Les conditions sont désormais réunies pour que le Tchad devienne un véritable État minier. L’inventaire des ressources minières fait état « des réserves considérables d’étain et d’uranium découvertes dans la région d’Aozou, ainsi que des gisements de columbium (niobium), de tantale, de tungstène, d’or et de diamant alluvionnaire dans plusieurs pays de la région », selon Outhman Abderahman Hamdane, directeur général de la Sonamig. Le Ministre des Mines et de la Géologie Abdelkerim Mahamat Abdelkerim a lancé le 10 septembre 2021 le Programme d’appui au développement du secteur minier au Tchad (PADSMT) 2021-2024. Le secteur attire à nouveau les investisseurs. Les affrontements meurtriers qui ont éclaté entre orpailleurs le 23 mai dernier à Kouri Bougoudi (à la frontière avec la Libye), faisant des centaines de morts, démontrent à suffisance qu’après le pétrole, les mines sont en passe de devenir le nouvel eldorado au Tchad.

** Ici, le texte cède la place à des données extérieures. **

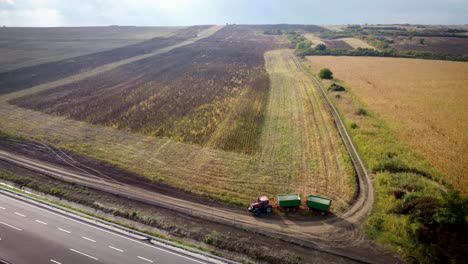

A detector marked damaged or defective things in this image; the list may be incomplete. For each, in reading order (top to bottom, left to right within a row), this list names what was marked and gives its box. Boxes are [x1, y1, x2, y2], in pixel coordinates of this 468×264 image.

burned crop area [0, 25, 208, 95]
burned crop area [12, 25, 286, 154]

Société des hydrocarbures du Tchad (SHT)
Créée par la loi no 27/PR/2006 du 23 août 2006, la SHT est une société anonyme avec conseil d’administration, placée depuis le 11 avril 2017 sous la tutelle de la Présidence de la République du Tchad. Elle a pour mission de mettre en œuvre la politique industrielle et commerciale du Tchad en matière d’hydrocarbures, concernant l’amont (la prospection, la recherche, le développement, la production et le transport des hydrocarbures liquides et gazeux), mais aussi l’aval pétrolier (la commercialisation des hydrocarbures liquides et gazeux et des produits finis). Elle détient 40 % de la raffinerie de Djermaya, en coentreprise avec la société chinoise CNPC (60 %). La SHT possède à ce jour deux stations-service, à Djermaya et sur le site pétrolier de Badila.